- Supplied data
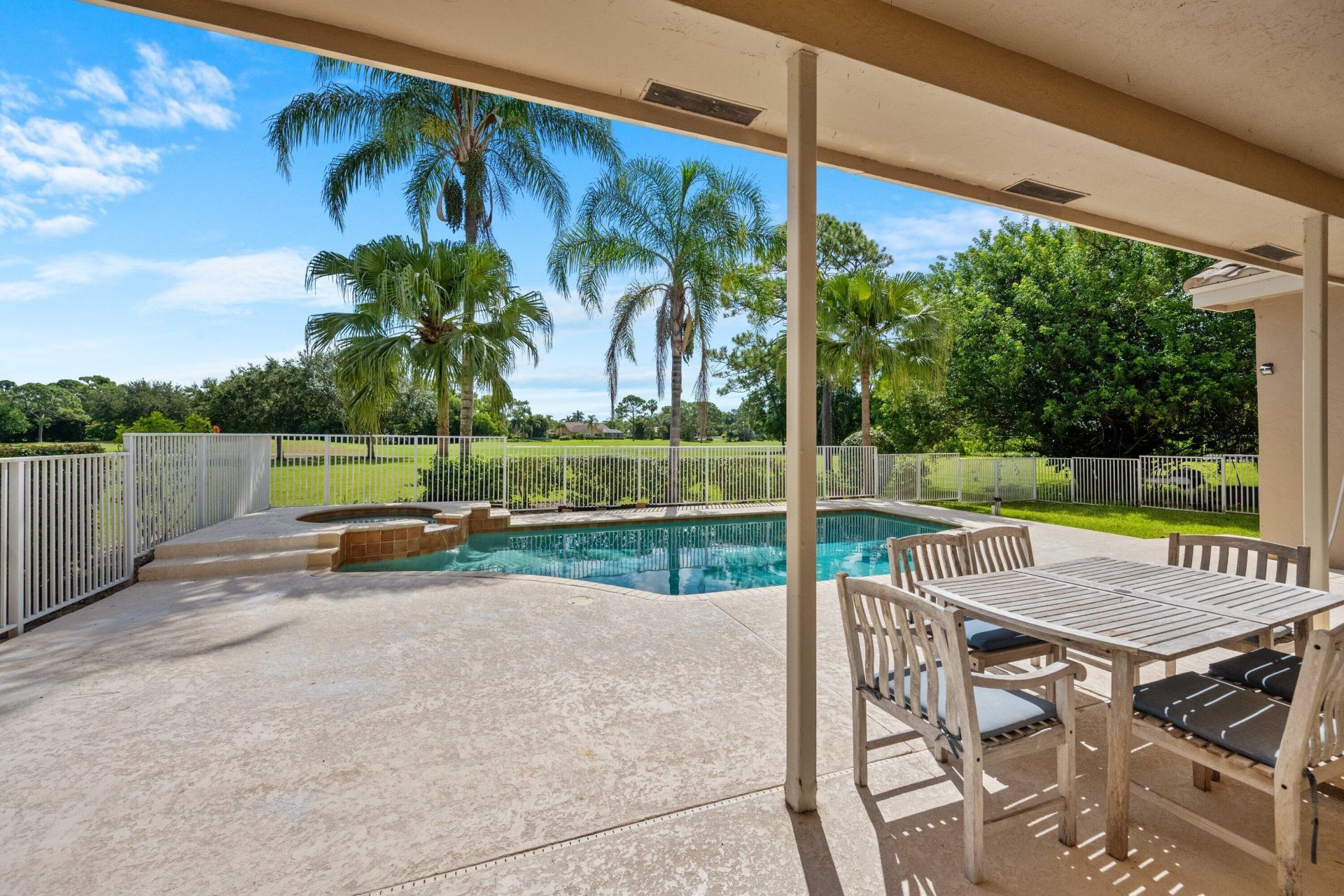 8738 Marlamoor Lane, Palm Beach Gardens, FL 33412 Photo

==

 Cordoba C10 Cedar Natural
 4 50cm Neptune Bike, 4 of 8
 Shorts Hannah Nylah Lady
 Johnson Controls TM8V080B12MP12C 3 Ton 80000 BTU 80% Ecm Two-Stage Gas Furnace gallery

- What is required
Transcribe the records above from the line holding "Shorts Hannah Nylah Lady" down to the line holding "Johnson Controls TM8V080B12MP12C", inclusive, without adding anything.

- Exercise solution
 Shorts Hannah Nylah Lady
 Johnson Controls TM8V080B12MP12C 3 Ton 80000 BTU 80% Ecm Two-Stage Gas Furnace gallery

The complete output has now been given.